Most of the he’s too-busy meme has been absurd. But the always-smart Bill Galston, over at The New Republic, raises a more nuanced proposition here.

Galston notes that, unlike FDR, Obama doesn’t have the same clout in a more divided Congress and that FDR really did keep things focused on the economic emergency in his first months. Galston notes:

Roosevelt delayed most of the structural reforms that did not bear directly on the economic emergency. For example, he did not even propose a commission to consider social insurance until June of 1934. Social Security legislation was introduced six months later, in January 1935, and was not signed into law until August of that year, after the provisions relating to health care had been stripped out.

Roosevelt organized his first term around two principles that the Obama administration would do well to ponder. First, he kept his (and the country’s) attention firmly fixed on a single task: ending the crisis of confidence and restarting economic activity.
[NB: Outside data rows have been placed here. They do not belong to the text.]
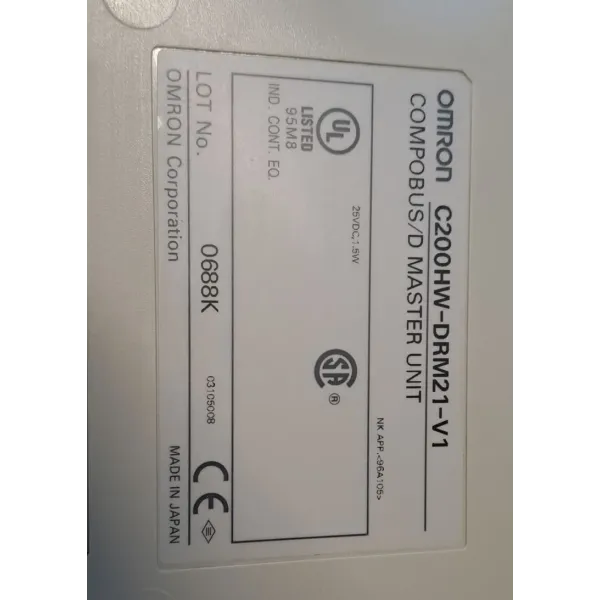 OMRON  C200HW-DRM21-V1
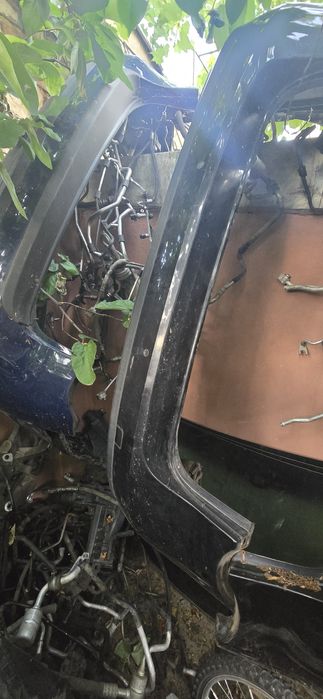 Bara spate completa vw Passat B6 break combi variant bleumarin negru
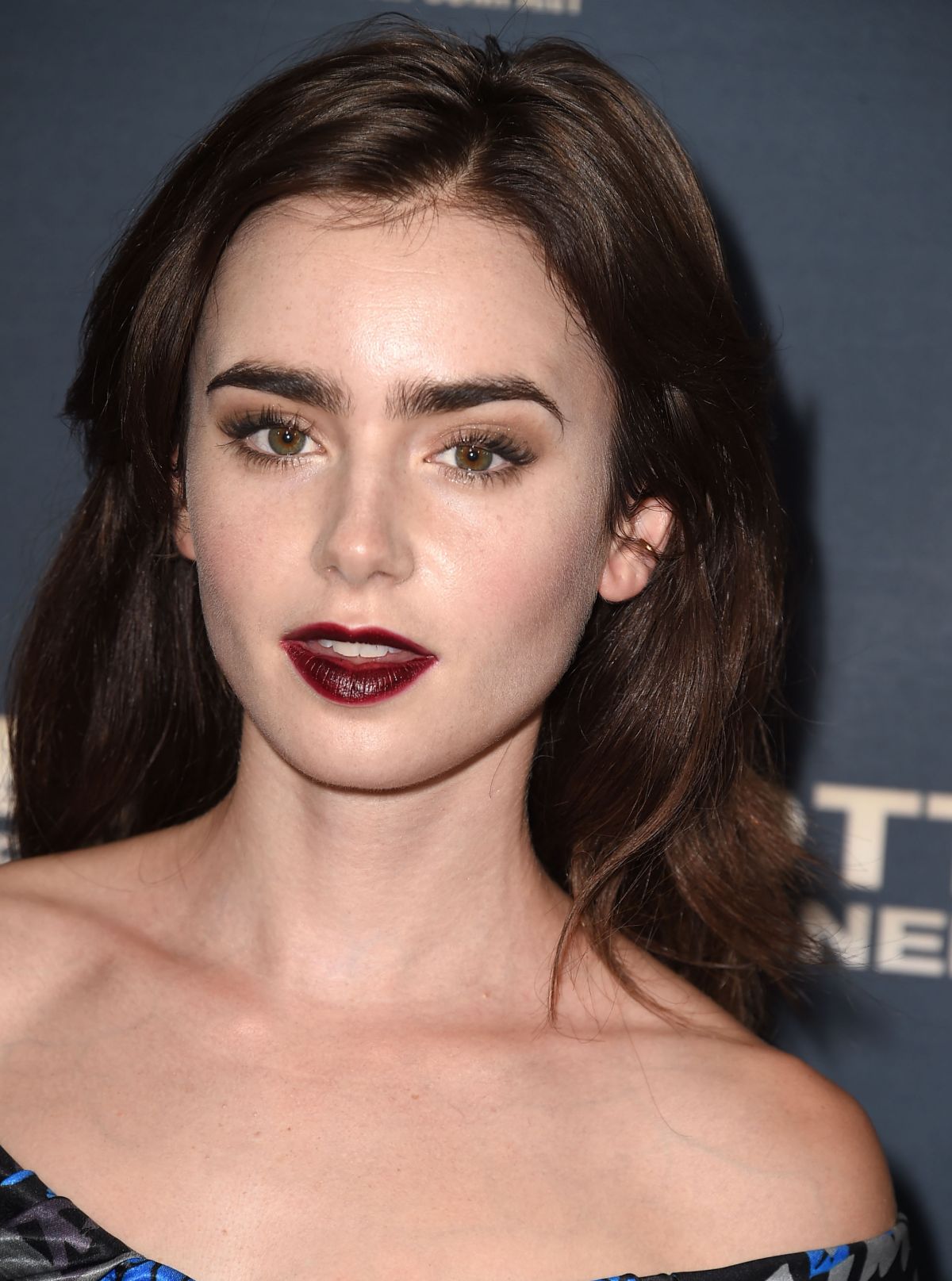 LILY COLLINS at Jeremy Scott: The People’s Designer Premiere in ...
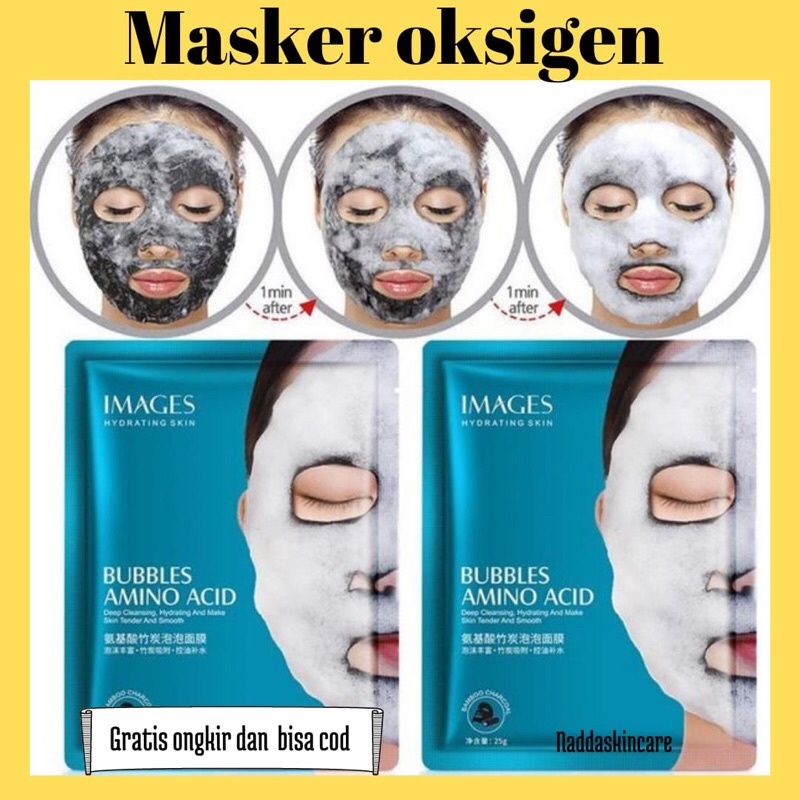 Bublesaminoacidmask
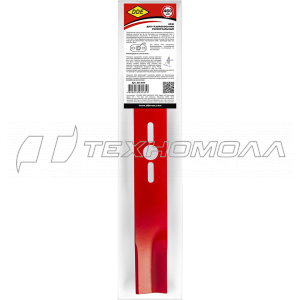 Нож газонокосилки DDE SHARK 18"/46 см универсальный, шайбы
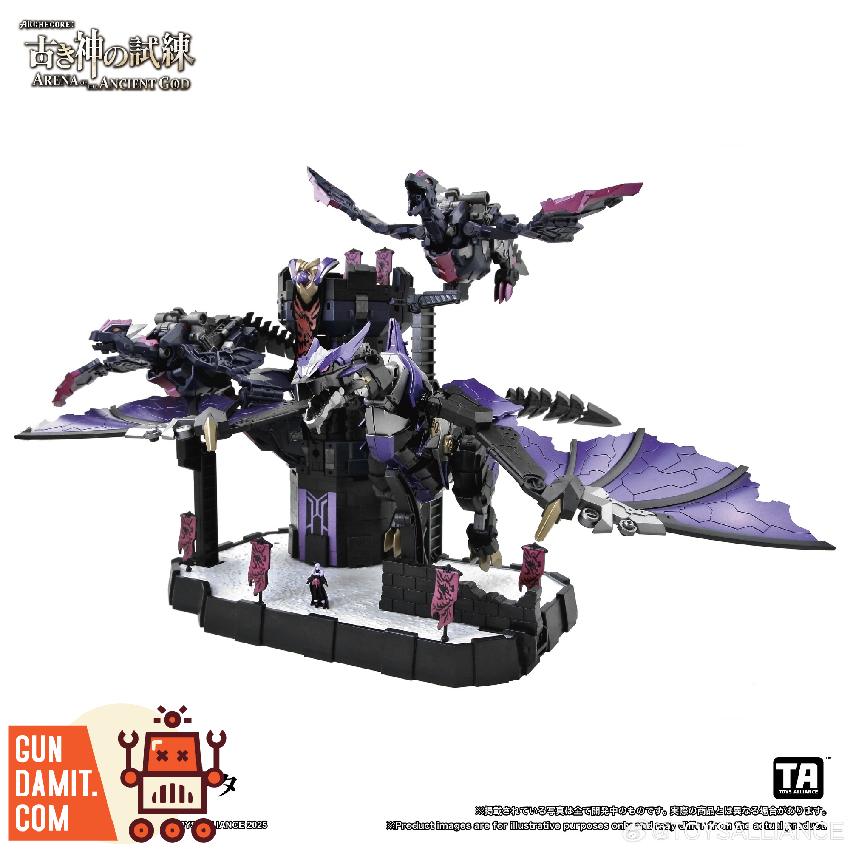 Toys Alliance AAG-02 Archecore Brave vs Brave Troll-Armor Dragon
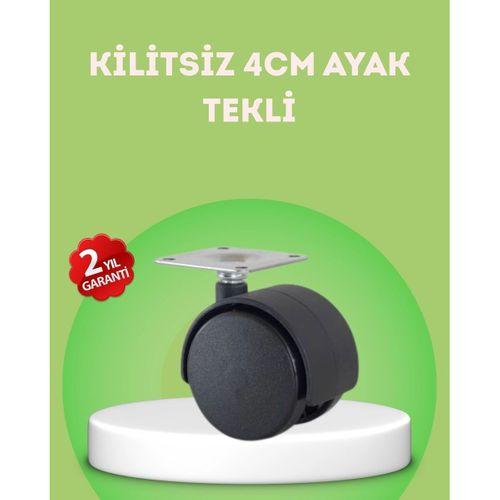 Kilitsiz 4 Cm Mobilya Ayağı Tek Adet Pratik Ve Dayanıklı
While he was more sensitive than previous presidents to the links among seemingly disparate issues, these interconnections in his view did not warrant trying to move on all fronts at once. The people and the Congress had to be brought along with an agenda and a narrative that they could understand.

Fair enough, but I think there’s a response to that, too.

First, distraction is a two-way street. Congress is constantly deviating from the economic emergency to deal with other stuff. I watched a fulsome debate on the transportation of chimpanzees and other primates the other day on C-SPAN. The House was taking up a bill in the wake of that chimp attack. It’s not reasonable to focus just on one branch of government.

Second, Obama is talking about a lot of things but he’s not sending up a torrent of legislation. There was the stimulus bill but everyone agreed there needed to be some kind of stimulus. He’s encouraged Congress to come up with a health care plan but he hasn’t forced a bill on them to consider. And besides is health care really a distraction? The facts show that you can’t get entitlement reform or any control over future red ink without it. Why wait?

Third, Congress is a much bigger institution than it was in 1933 or even 1977, the other example the Galston cites. Staffs are bigger, there’s more capacity to deal with more issues. If we have more of a logjam these days, it’s owing to the partisan redrawing of districts, the culture of lobbying and so on but not an innate inability of Congress to handle more than a few things at a time.

As I said originally, if Obama suddenly decides to immerse himself in an obscure border dispute or something truly far afield, he ought to be called out on it. But green energy, health care, education, and other things he’s pursuing all seem germane to the economy. You can disagree with them individually but it’s hard to chide their relevance to the crisis at hand.